### DIRECTIONS FOR THIS TASK
Would you transcribe exactly the lines from the one containing "氣流篩粉機(jī)適用：質(zhì)輕" to the last line of the data below, both ends included, but none of the pictures?

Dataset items
+ + + + +

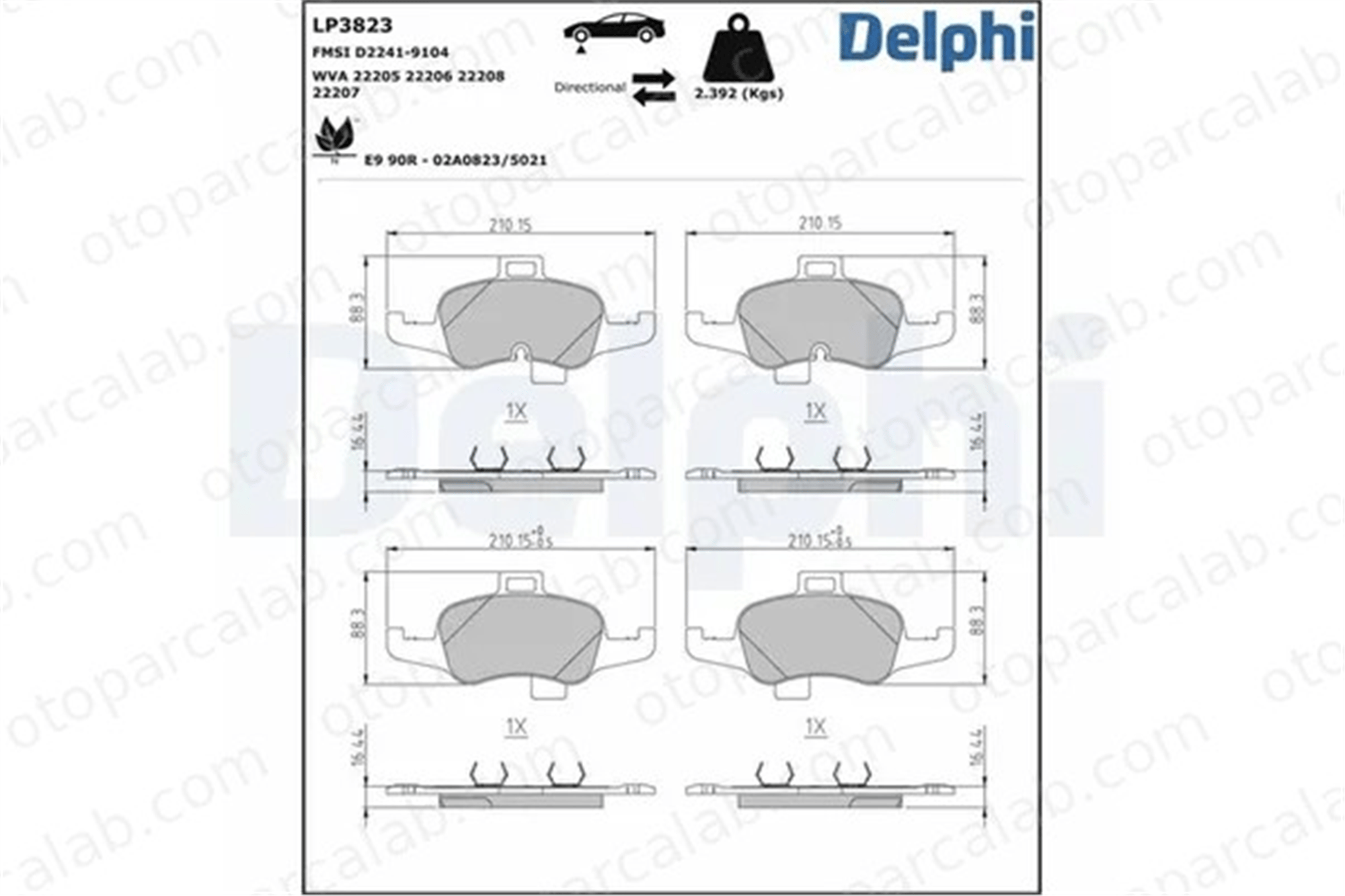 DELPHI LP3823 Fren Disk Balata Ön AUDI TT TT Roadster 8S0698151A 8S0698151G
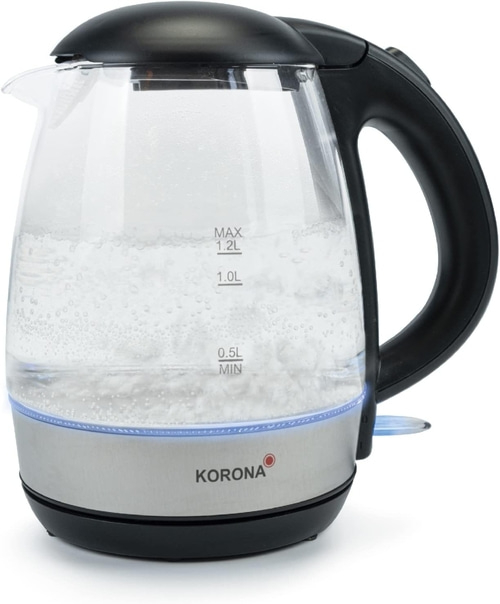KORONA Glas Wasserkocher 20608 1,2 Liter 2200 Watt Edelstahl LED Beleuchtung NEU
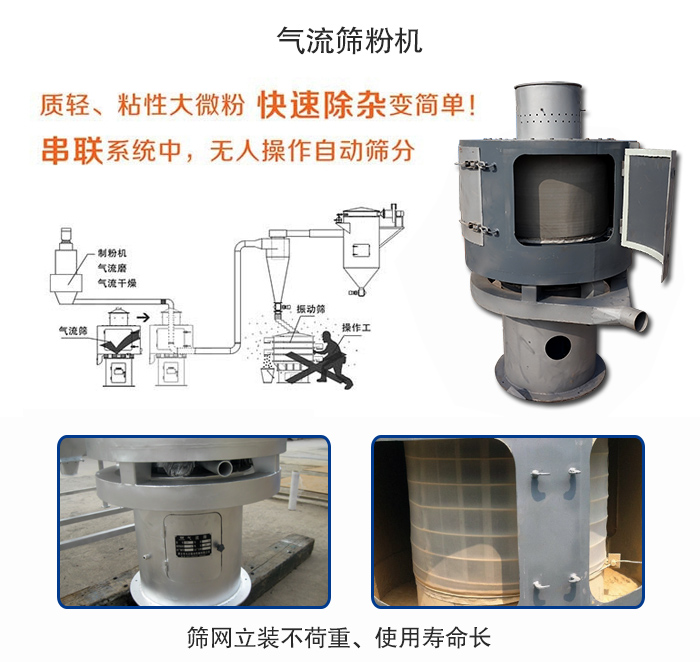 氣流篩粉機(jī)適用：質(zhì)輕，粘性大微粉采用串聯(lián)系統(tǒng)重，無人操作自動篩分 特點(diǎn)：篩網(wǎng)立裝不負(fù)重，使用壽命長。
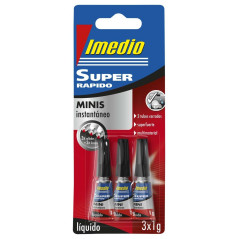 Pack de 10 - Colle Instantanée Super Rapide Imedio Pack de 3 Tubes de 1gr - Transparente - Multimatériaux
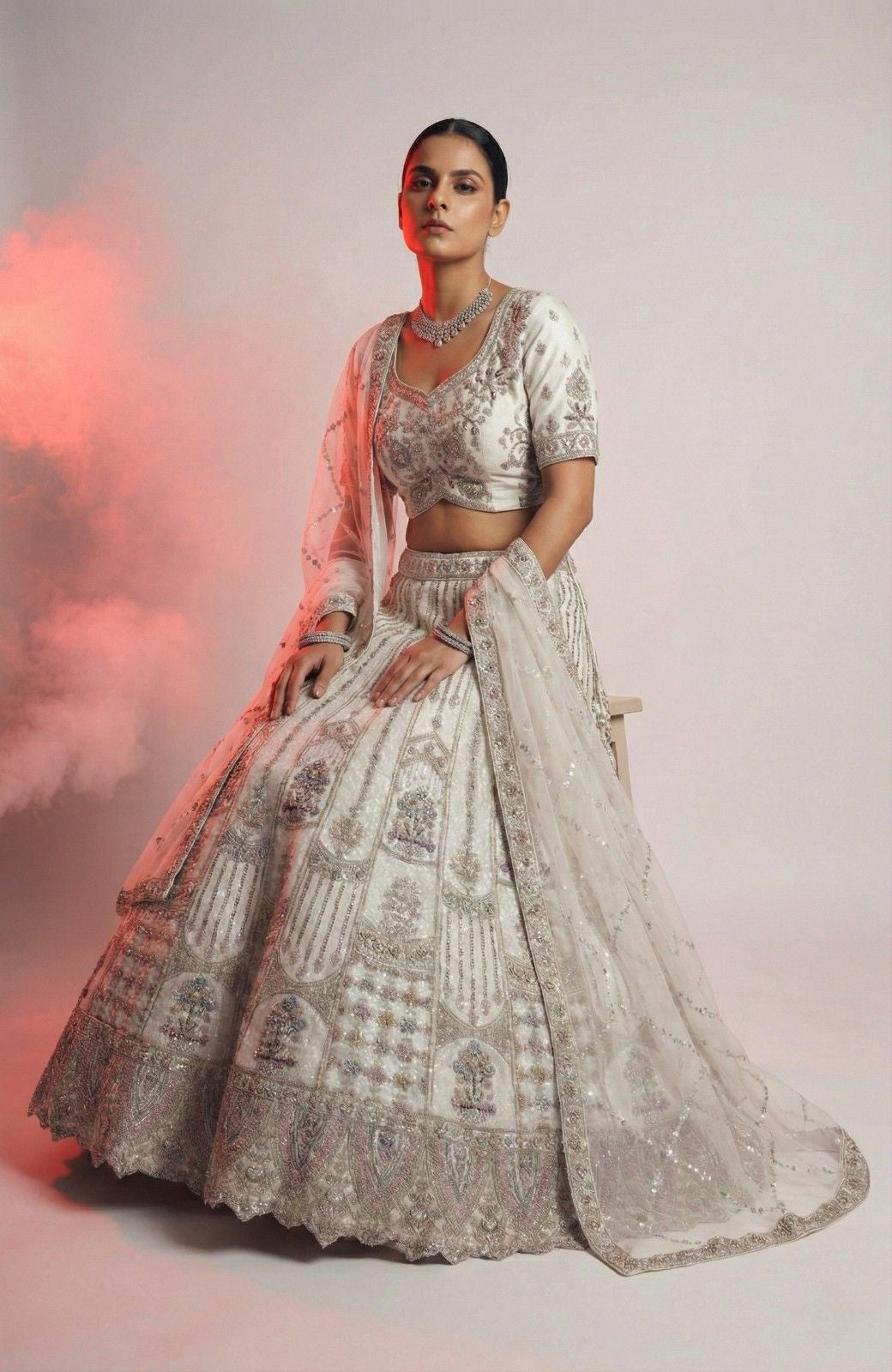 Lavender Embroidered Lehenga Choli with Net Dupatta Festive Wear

+ + + + +

### YOUR RESPONSE
 氣流篩粉機(jī)適用：質(zhì)輕，粘性大微粉采用串聯(lián)系統(tǒng)重，無人操作自動篩分 特點(diǎn)：篩網(wǎng)立裝不負(fù)重，使用壽命長。
 Pack de 10 - Colle Instantanée Super Rapide Imedio Pack de 3 Tubes de 1gr - Transparente - Multimatériaux
 Lavender Embroidered Lehenga Choli with Net Dupatta Festive Wear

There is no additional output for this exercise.